C’est en septembre 2013 que la jeune citadine a décidé de quitter la capitale pour retourner dans sa ville natale.
Cette jeune femme de 29 ans a renoncé à la vie tokyoïte pour rejoindre sa ville natale, Ishinomaki, dans le nord-est du Japon. Elle défend un besoin de retour à la terre que semblent souhaiter de plus en plus de jeunes Japonais aujourd’hui. Et l’envie de participer à l’histoire de la reconstruction du Tôhoku.
Fine et élancée, Ishikawa Yûmi est ce genre de jeune femme qui inspire grâce et délicatesse. Ce matin-là, elle a enfilé de bonne heure, une grossière chemise à carreaux, des gants, un vieux survêtement et des bottes en caoutchouc. Sa tenue ne change rien à sa beauté naturelle. Sans manières et ainsi vêtue, elle quitte sa ferme, prend la route jusqu’au champ de riz familial.

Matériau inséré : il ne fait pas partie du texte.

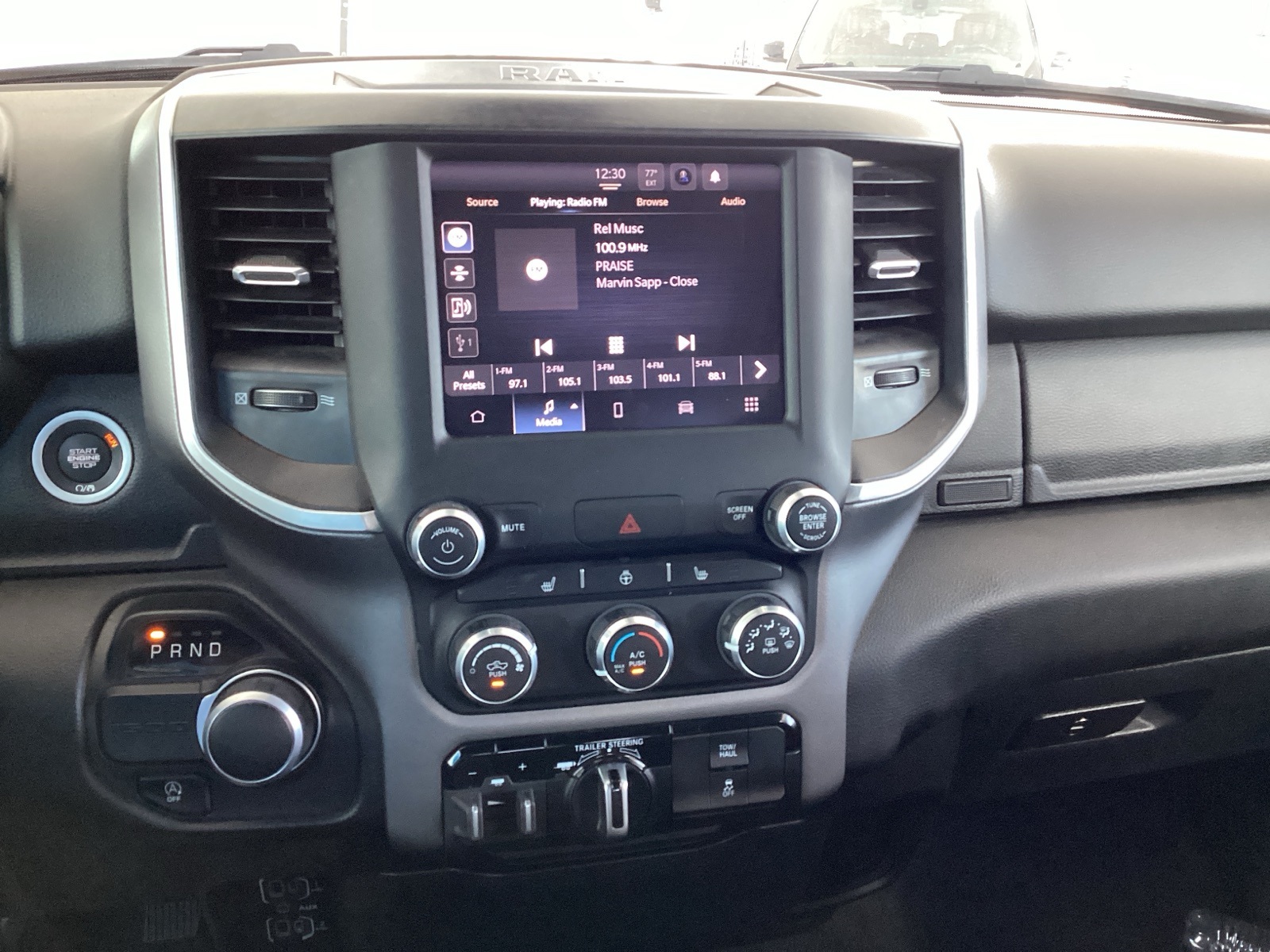 Vehicle image 27 of 33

Le mois de mai est le moment idéal pour planter le riz d’Ishinomaki dont la renommée couvre tout l’archipel. Elle sort de la voiture et entre dans le champ boueux, où son père a déjà pris place. Elle retire ses gants pour mieux parvenir à planter le riz. “Autrefois, nous faisions tout à la main”, s’exclame-t-elle, alors que son père démarre la machine qui va permettre d’accélérer la cadence et planter davantage de riz en moins de temps.
Cette année, la ferme Ishikawa ne plantera que trois champs de riz sur les 80 qu’elle possède. “Le gouvernement nous indique la quantité annuelle de riz que nous devons produire. Cette année, nous n’en cultivons que trois et sur les autres champs nous faisons des haricots et du blé. Cela dépend des besoins.” La décision est généralement communiquée aux agriculteurs locaux courant décembre.

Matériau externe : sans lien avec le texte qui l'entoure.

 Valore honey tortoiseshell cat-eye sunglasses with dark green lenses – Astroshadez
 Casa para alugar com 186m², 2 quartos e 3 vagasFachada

C’est une nouvelle vie que découvre cette ancienne salariée d’une société de confiseries tokyoïte. En agriculture, il y a encore peu de temps, elle n’y connaissait rien du tout. C’est en septembre 2013 qu’Ishikawa Yumi a quitté la capitale nipponne pour revenir s’installer dans la ferme familiale à Ishinomaki dans le Tôhoku. Un retour aux sources qu’elle souhaitait plus que tout. “Aujourd’hui, je suis encore en phase d’apprentissage auprès de mes parents mais un jour, je serai seule aux manettes. Je dois profiter de leurs conseils autant que possible.”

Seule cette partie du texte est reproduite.